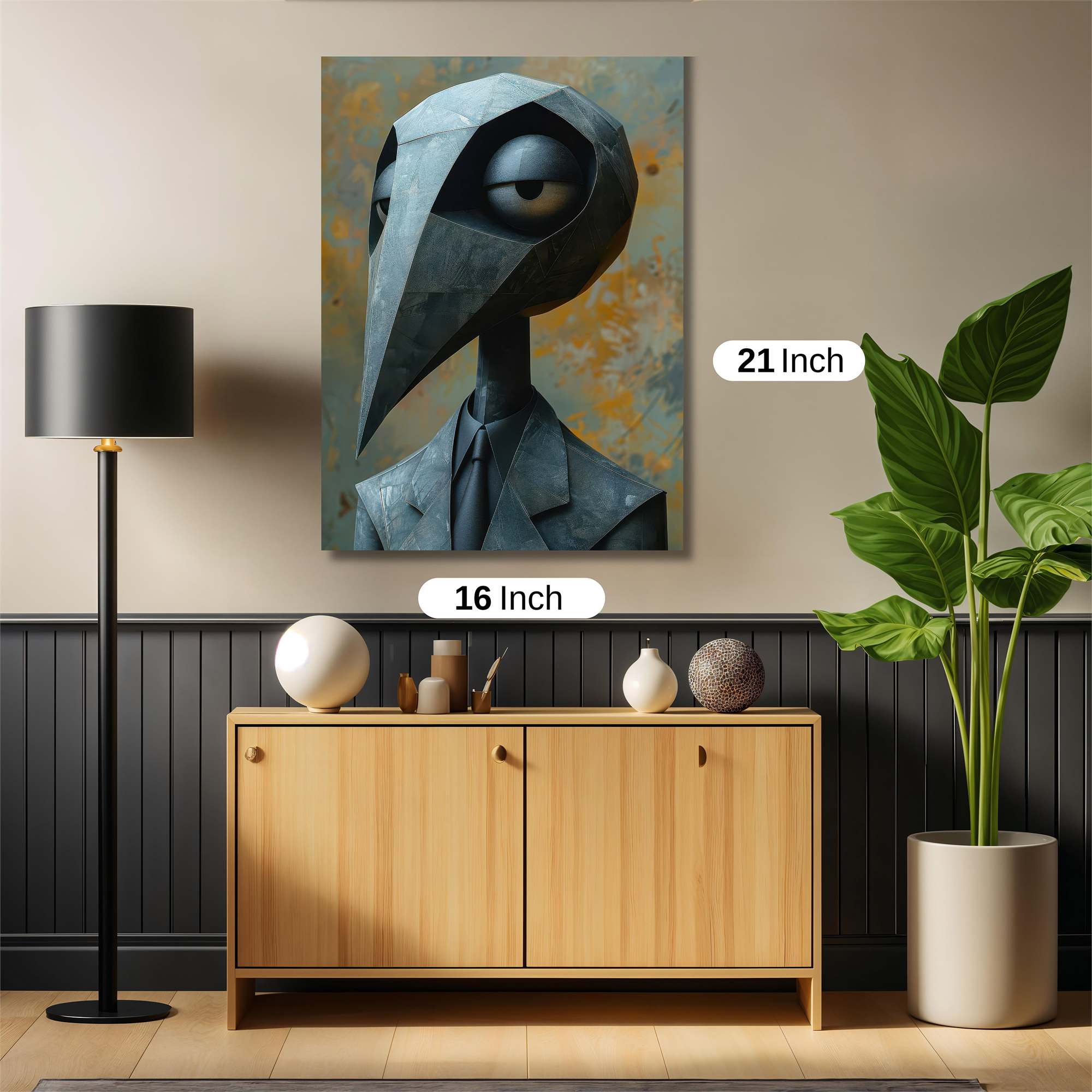 Plague Melancholy Safe Wall Magnetic / M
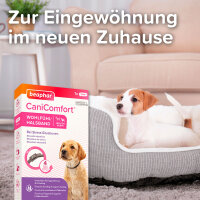 BEAPHAR CaniComfort® Wohlfühl-Halsband für Welpen, 45 cm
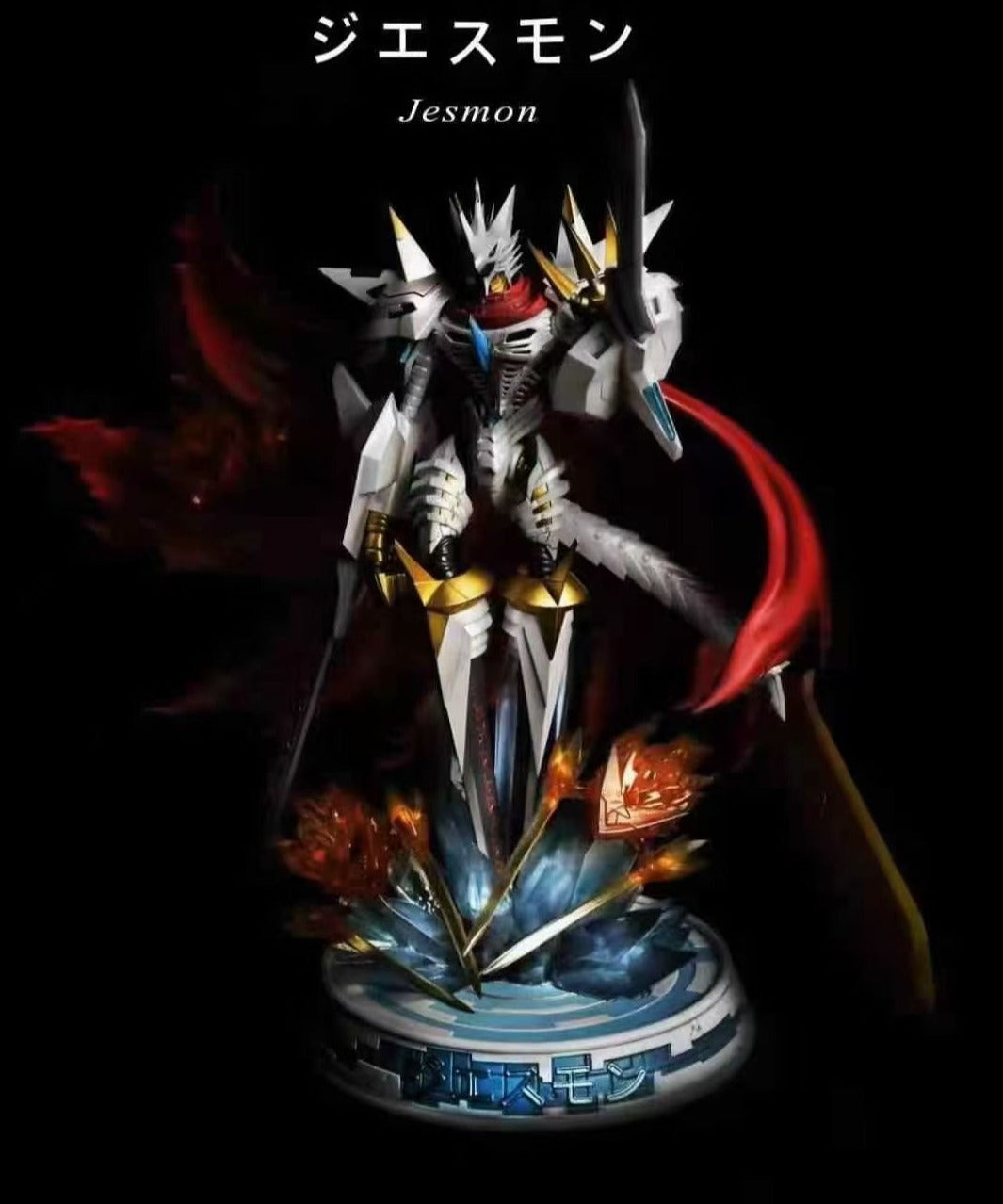 【Pre-sale】Jesmon-Digimon-Crystal Studio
═══
To do
Please repeat the listing precisely, excluding the pictures it contains.

Response
 Plague Melancholy Safe Wall Magnetic / M
 BEAPHAR CaniComfort® Wohlfühl-Halsband für Welpen, 45 cm
 【Pre-sale】Jesmon-Digimon-Crystal Studio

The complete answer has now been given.